EXERCISE GOAL ->
Only an exact repetition of the lines from the one holding "this 250×188 image." to the end of the data is wanted, with pictures left out.

EXTRACTED ENTRIES ->
------------------------

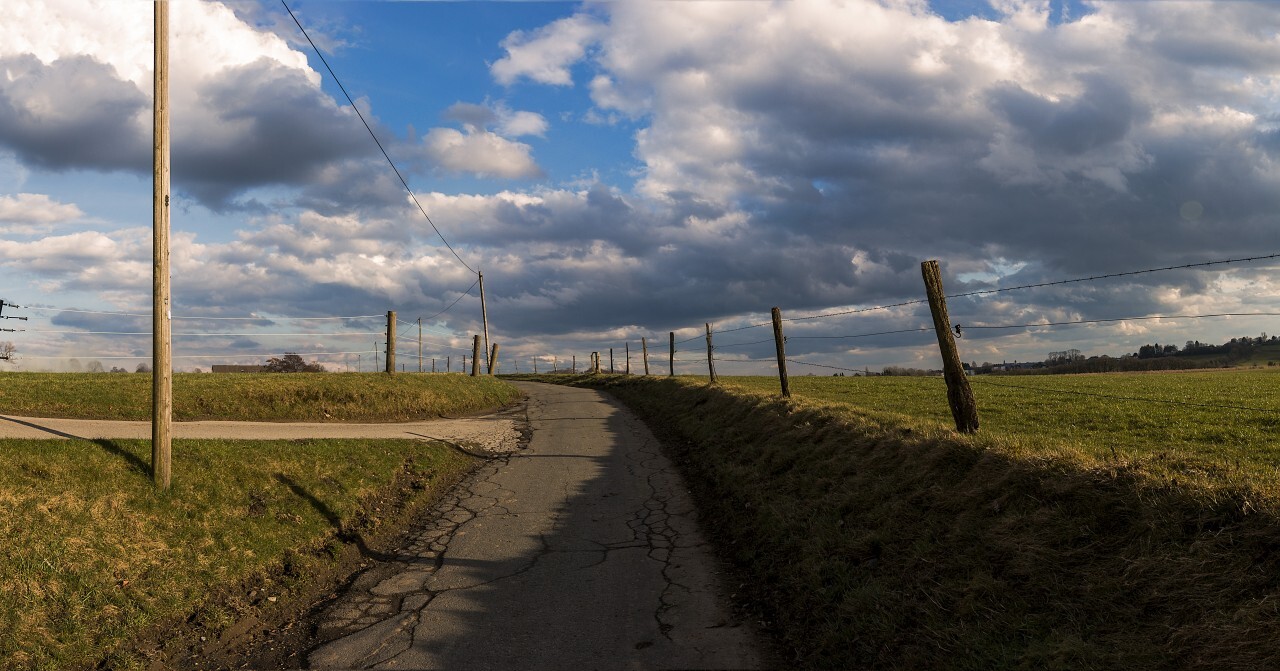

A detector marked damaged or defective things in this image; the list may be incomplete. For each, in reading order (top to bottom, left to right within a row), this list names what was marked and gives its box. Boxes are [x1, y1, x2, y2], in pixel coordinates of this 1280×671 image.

cracked asphalt surface [307, 379, 757, 665]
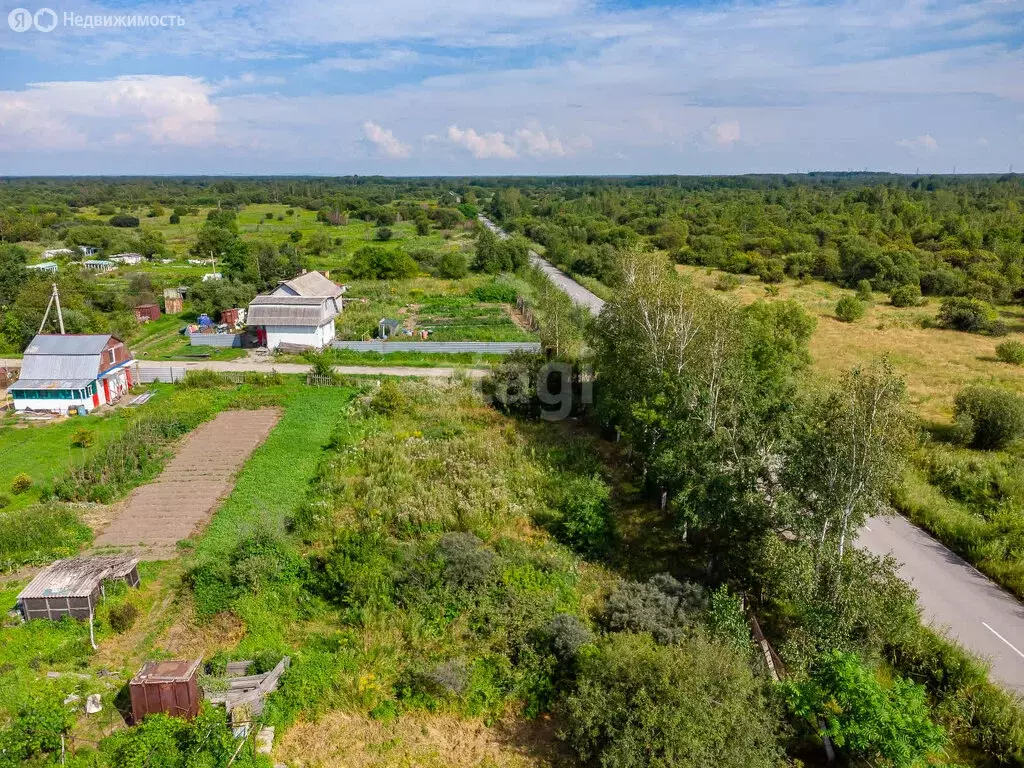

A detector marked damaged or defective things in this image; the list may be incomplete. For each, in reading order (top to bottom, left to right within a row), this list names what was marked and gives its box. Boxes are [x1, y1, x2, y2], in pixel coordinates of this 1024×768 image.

rusty metal container [129, 659, 202, 724]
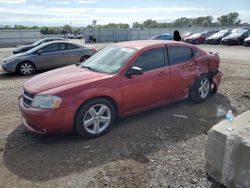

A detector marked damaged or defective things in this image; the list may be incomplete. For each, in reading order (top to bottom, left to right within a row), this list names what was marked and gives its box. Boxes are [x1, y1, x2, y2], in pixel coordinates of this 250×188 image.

damaged red car [19, 40, 223, 138]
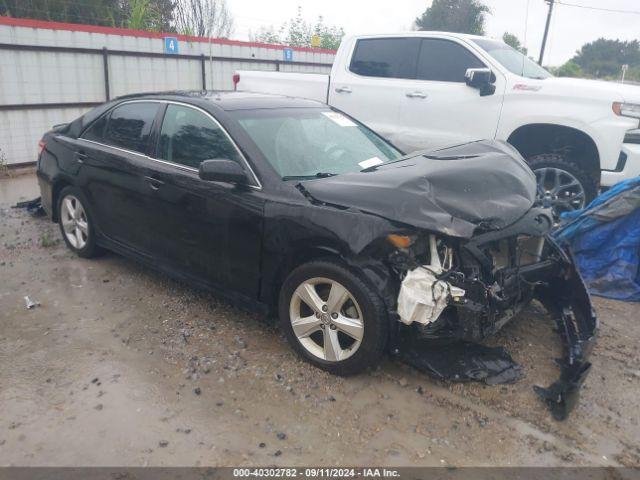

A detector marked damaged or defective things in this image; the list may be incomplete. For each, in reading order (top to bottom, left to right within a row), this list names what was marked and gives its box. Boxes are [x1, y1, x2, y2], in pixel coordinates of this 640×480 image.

damaged black sedan [33, 91, 596, 420]
crumpled hood [298, 139, 536, 238]
crushed front end [388, 208, 596, 418]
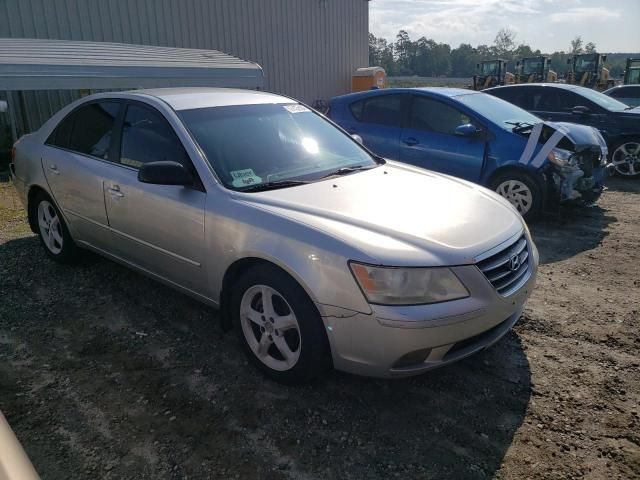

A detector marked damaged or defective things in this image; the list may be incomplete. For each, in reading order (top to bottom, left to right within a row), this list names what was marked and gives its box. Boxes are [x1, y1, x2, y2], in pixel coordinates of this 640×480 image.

blue damaged car [328, 87, 612, 220]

------------------------

RESULT OF THE TASK ->
A detector marked damaged or defective things in this image; the list may be incomplete. For each, in reading order (top to bottom, left to right within a row), this list names what was marked and gives its box. Boxes are [x1, y1, x2, y2], in pixel coordinates of this 250×188 image.

damaged red car [19, 40, 223, 138]

A detector marked damaged or defective things in this image; the list may be incomplete. For each, in reading order (top to bottom, left to right within a row), this list names what was marked and gives its box. Boxes are [x1, y1, x2, y2], in pixel coordinates of this 640×480 image.

damaged black sedan [33, 91, 596, 420]
crumpled hood [298, 139, 536, 238]
crushed front end [388, 208, 596, 418]

A detector marked damaged or defective things in this image; the list may be incomplete. For each, in reading order (top to bottom, left to right within a row), this list names what was marked and gives its box. Boxes are [x1, y1, x2, y2], in pixel coordinates of this 640×480 image.

blue damaged car [328, 87, 612, 220]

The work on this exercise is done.